Analysts have speculated that Royal Mail could face being relegated from the FTSE 100 at the next reshuffle in December.
David Cheetham, XTB chief market analyst, said: "The fall has seen the stock drop back to trade not far from its IPO price of 330p and the resultant decline in the company’s valuation has placed it in danger of being relegated from the FTSE 100 in the December reshuffle."
He also criticised the firm's decision to hold the dividend. "This may not be a wise course of action as it is becoming increasingly apparent that the company keeping the dividend at present levels could be detrimental to its future prospects," Cheetham explained.
Royal Mail said it had experienced a bigger than expected impact on marketing mail thanks to the EU's new data protection regulations governing the gathering and storage of personal information.
The delivery giant also hasn't been helped by a number of brokers slashing its price guidance and downgrading the stock.
Liberum downgraded its rating to "sell" and reduced its target price massively, from 415p to 250p.
"Yesterday's profit warning was shocking in its scale and timing," Liberum's note read.
"The £130m reduction in the current year cost avoidance target drops straight to the bottom line. Weakness in letters volumes and GLS margins was disappointing, but almost peripheral by comparison."
Morgan Stanley also cut its price target down to 405p while saying Royal Mail may need to consider faster sales of assets within its "attractive" London property portfolio.
Nicholas Hyett, an equity analyst for Hargreaves Lansdown, described Royal Mail's share drop as a "messy situation".
"There is no better way for shareholders to publicly show their dissatisfaction than selling off shares, and that’s clearly exactly what investors are doing now," he told City A.M.

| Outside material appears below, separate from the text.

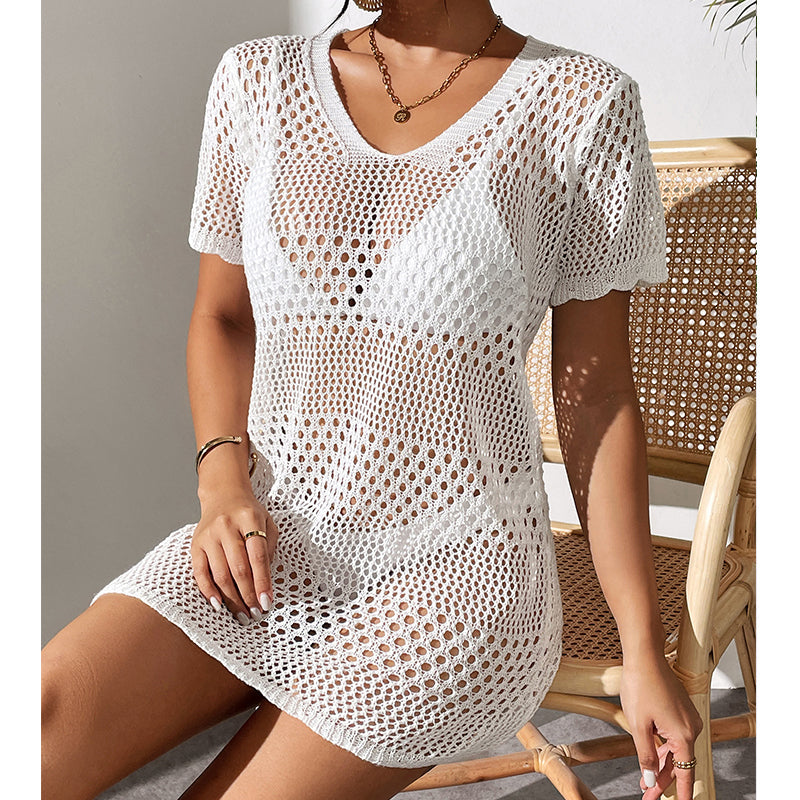 Women Clothes Sexy Cutout Short Sleeve Casual Bikini Cover Up Swimsuit Blouse Beach Sun Protection Shirt Crochet hook Bella Mia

Neil Wilson, chief market analyst at Markets.com, agreed that investors would be vocal in their dissatisfaction with Royal Mail.

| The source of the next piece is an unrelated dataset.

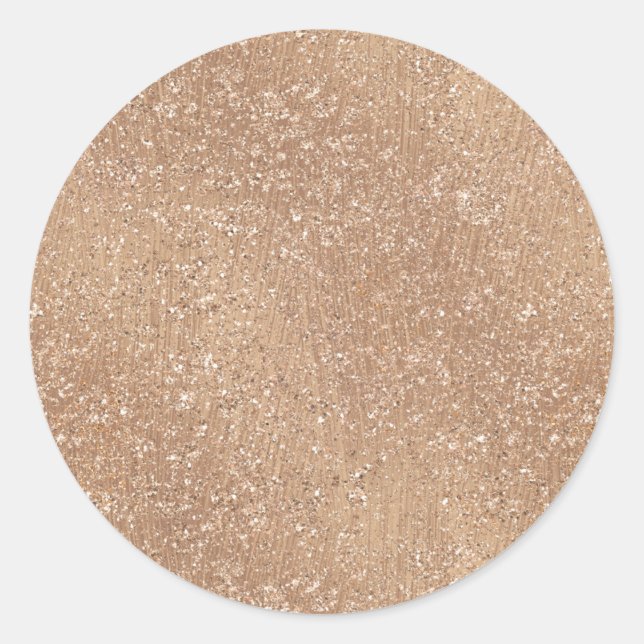 Sparkly Shiny Glitter Rose Gold Classic Round Sticker (Front)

"Investors will almost certainly start to speak up after this," he said. "It’s a bit of a debacle really but to a degree it’s new boss Rico Bach resetting expectations early on so he can blame the previous management."
Russ Mould, investment director at AJ Bell, said the company's poor performance could raise more questions about exec pay at the company, months after Royal Mail suffered one of the biggest shareholder revolts over exec pay in the City this year.
"Moya Greene may have timed her exit well and Rico Back has a tough job on his hands," he said. "He has inherited a difficult operating environment but will need to deliver on those cost and productivity goals if the issue of his own pay is not to resurface at some stage."